The seat was named after the suburb of Port Adelaide, the working port of Adelaide. Before 1949, most of the seat had been part of Hindmarsh, which moved south as a result of Port Adelaide's creation. The seat was proclaimed at the redistribution of 11 May 1949, and was first contested at the 1949 federal election. The newly created Port Adelaide division included Albert Park, Port Adelaide, Semaphore and Woodville subdivisions, and Kilburn which was part of the Prospect sub-division (west of Lower North road) from the old division of Adelaide.

For most of its history, it has been a comfortably safe Labor seat. The closest Labor has ever come to losing it was at the 1988 by-election, where Labor candidate Rod Sawford won on a 5.2 percent two-party margin. The two-party margin currently stands, after the 2016 vote, at 20.72 percent, making it the safest Labor seat in the state and one of the safest Labor seats in the nation. Port Adelaide remains the only electorate in South Australia to have voted Labor at every federal election in its existence.

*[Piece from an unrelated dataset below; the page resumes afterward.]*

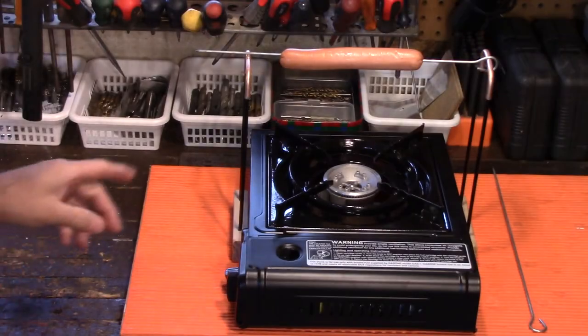Plus it's a nice little project for a lot of you that are handy and you want to do something out in the shop — something like this is very easy to make. I'll show you how to make all this, but first let's take a look at what's going on here and cook a hot dog. Let's get started right now.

The seat was pushed slightly northward in 2004 with the abolition of the other safe Labor seat in northern Adelaide, Bonython. A few southern portions of Bonython transferred to Port Adelaide, however the majority of Bonython was transferred to Wakefield which contributed to Wakefield's change from a rural safe Liberal seat to a hybrid urban-rural notional marginal Labor seat.

A notable curiosity in recent years was that in the 1998 and 2001 federal elections, the seat was the only one in Australia where a Communist Party candidate, Michael Perth, stood for election. This was the only occasion when the Liberal Party did not preference the One Nation Party last. He achieved about one percent of the vote on each occasion.

Sawford retired at the 2007 election, which saw South Australian Labor's historically safe seat easily won by the newly endorsed Labor candidate, unionist and former head of the Left state Labor faction Mark Butler.

At the 2016 election, as a result of the emergence of the Nick Xenophon Team, Butler became the first Labor candidate in 20 years, and only the second ever, to come up short of a majority on the primary vote. He easily won after preferences, with NXT pushing the Liberals into third place. While Port Adelaide remains the safest Labor seat in South Australia on two-party terms, Butler's primary vote was actually one percent lower than that of Amanda Rishworth in Kingston. Despite also falling short of a majority on the primary vote, Rishworth received the highest primary vote of South Australia's 11 seats, but remained the second safest Labor seat in South Australia on two-party terms. The presence of NXT candidates in all eleven state seats resulted in a suppressed major party primary vote.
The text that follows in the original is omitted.